Since the copy must match the original, write out each record word for word, skipping only the pictures.

++++ RECORDS FOR PROCESSING

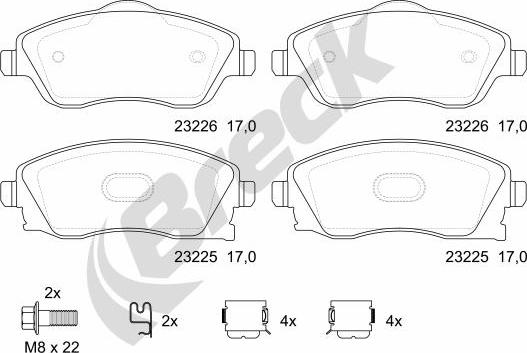 Breck 23225 00 702 10 - Kit pastiglie freno, Freno a disco autozon.pro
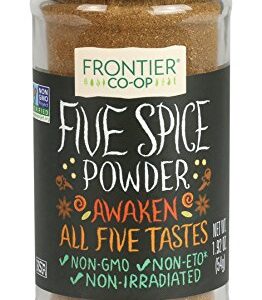 Frontier Co-op Five Spice Seasoning, 1.92 Ounce, Cinnamon, Fennel Seed, Cloves, Star Anise & White Pepper, Non GMO, Kosher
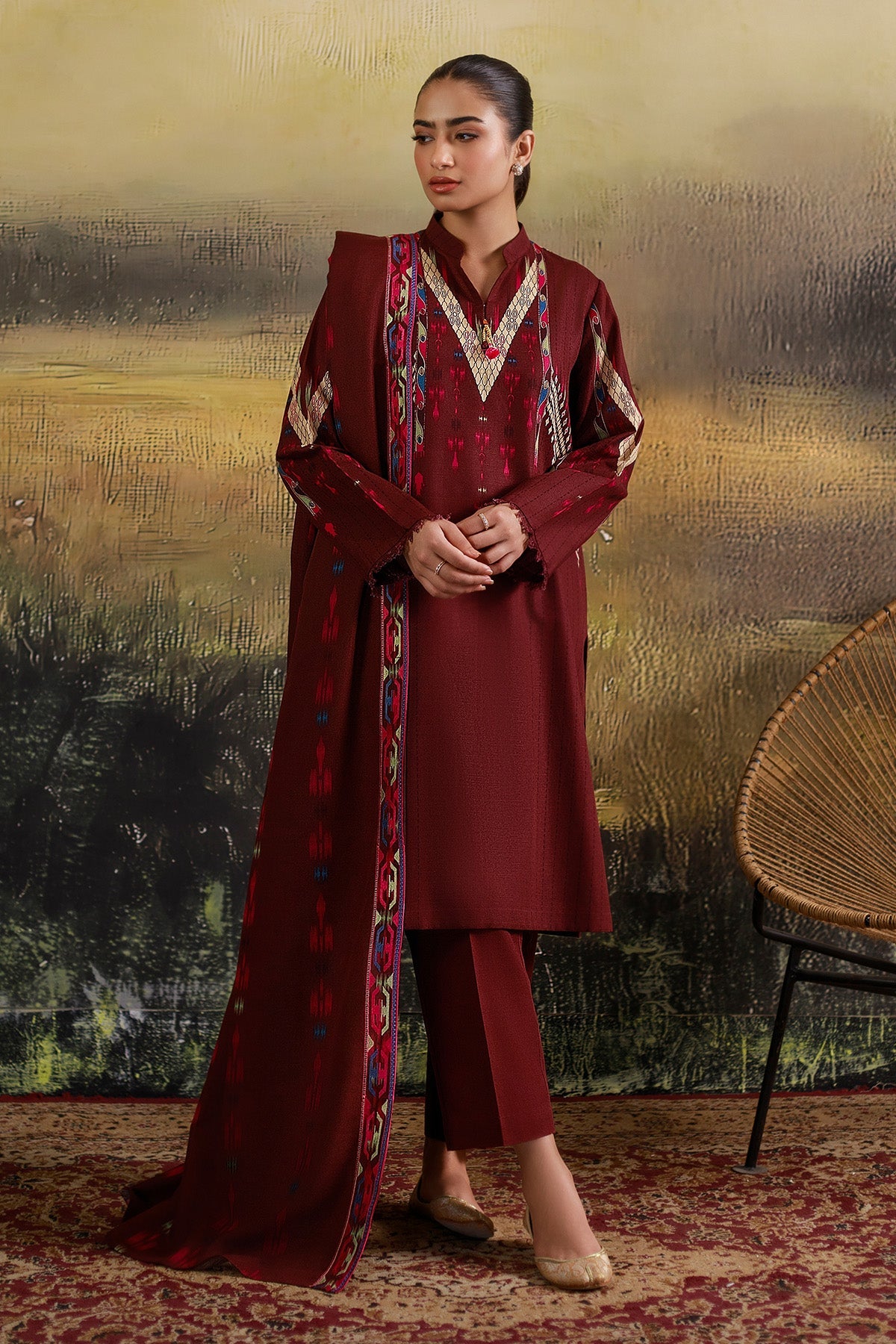 3 Piece - Printed & Embroidered Khaddar Suit - C6389 - Shop Now at Kayseria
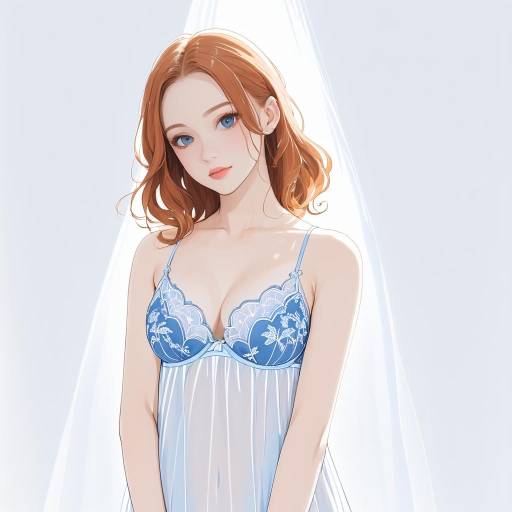 Serene Woman in Delicate Lingerie Pose Serene Woman in Delicate Lingerie Pose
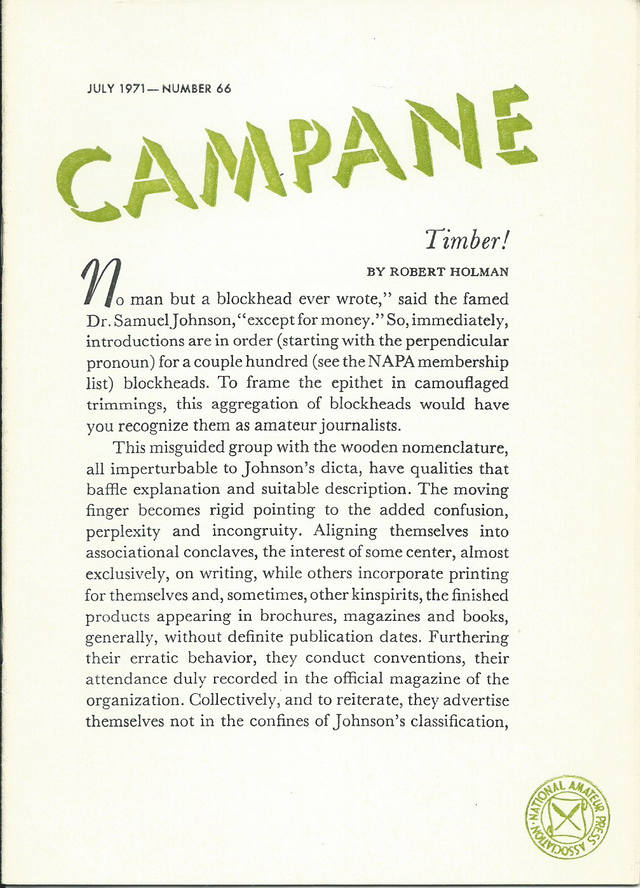 Campane - Number 66, July 1971 - Page 1.png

++++++++

• [RESULT FOR THIS EXERCISE]
 Breck 23225 00 702 10 - Kit pastiglie freno, Freno a disco autozon.pro
 Frontier Co-op Five Spice Seasoning, 1.92 Ounce, Cinnamon, Fennel Seed, Cloves, Star Anise & White Pepper, Non GMO, Kosher
 3 Piece - Printed & Embroidered Khaddar Suit - C6389 - Shop Now at Kayseria
 Serene Woman in Delicate Lingerie Pose Serene Woman in Delicate Lingerie Pose
 Campane - Number 66, July 1971 - Page 1.png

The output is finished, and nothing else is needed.